Entries provided section start
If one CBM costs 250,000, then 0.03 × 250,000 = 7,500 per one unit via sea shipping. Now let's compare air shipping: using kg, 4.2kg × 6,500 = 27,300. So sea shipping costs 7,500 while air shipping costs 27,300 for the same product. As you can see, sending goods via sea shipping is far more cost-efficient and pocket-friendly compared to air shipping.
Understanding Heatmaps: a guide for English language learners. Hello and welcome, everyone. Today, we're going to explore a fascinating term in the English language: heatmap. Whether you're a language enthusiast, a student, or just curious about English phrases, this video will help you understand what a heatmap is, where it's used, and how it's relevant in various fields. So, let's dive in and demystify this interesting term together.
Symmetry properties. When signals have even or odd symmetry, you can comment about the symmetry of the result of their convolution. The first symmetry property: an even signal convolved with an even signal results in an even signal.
Entries provided section end
Entries provided section start
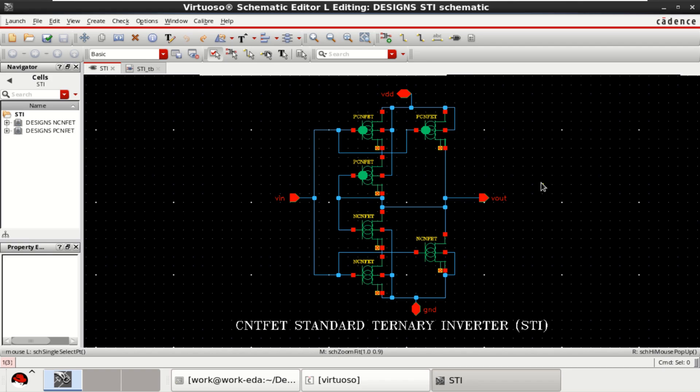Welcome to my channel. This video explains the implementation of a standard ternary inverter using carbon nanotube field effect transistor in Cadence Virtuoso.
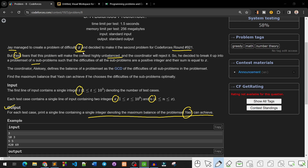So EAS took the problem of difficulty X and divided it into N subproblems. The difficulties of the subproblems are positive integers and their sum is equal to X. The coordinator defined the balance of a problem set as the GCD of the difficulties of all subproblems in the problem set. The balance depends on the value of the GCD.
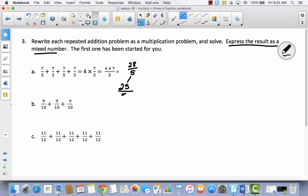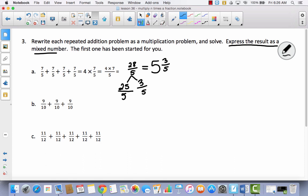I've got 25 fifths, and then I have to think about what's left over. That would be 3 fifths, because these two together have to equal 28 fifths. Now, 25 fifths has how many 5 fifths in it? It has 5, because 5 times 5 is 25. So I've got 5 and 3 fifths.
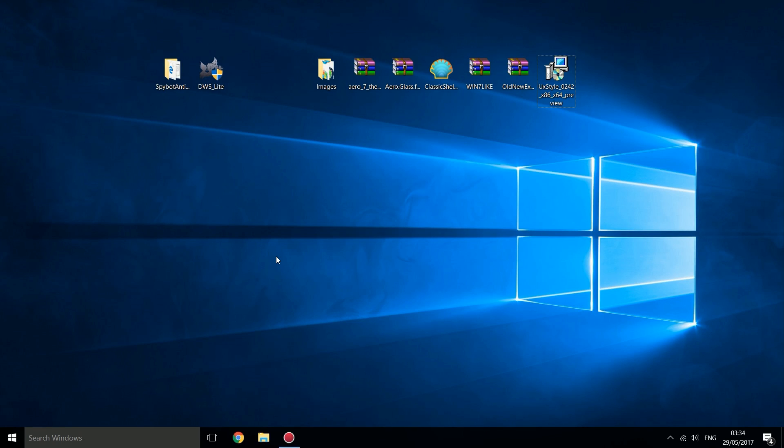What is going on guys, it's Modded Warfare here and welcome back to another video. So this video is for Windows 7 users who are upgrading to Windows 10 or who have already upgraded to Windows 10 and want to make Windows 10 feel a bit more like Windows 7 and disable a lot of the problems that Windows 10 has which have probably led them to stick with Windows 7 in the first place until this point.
Entries provided section end
Exact copy, pictures excluded: from the line with "Welcome to my" up to and including the line with "I've got 25" in the data above.

Welcome to my channel. This video explains the implementation of a standard ternary inverter using carbon nanotube field effect transistor in Cadence Virtuoso.
So EAS took the problem of difficulty X and divided it into N subproblems. The difficulties of the subproblems are positive integers and their sum is equal to X. The coordinator defined the balance of a problem set as the GCD of the difficulties of all subproblems in the problem set. The balance depends on the value of the GCD.
I've got 25 fifths, and then I have to think about what's left over. That would be 3 fifths, because these two together have to equal 28 fifths. Now, 25 fifths has how many 5 fifths in it? It has 5, because 5 times 5 is 25. So I've got 5 and 3 fifths.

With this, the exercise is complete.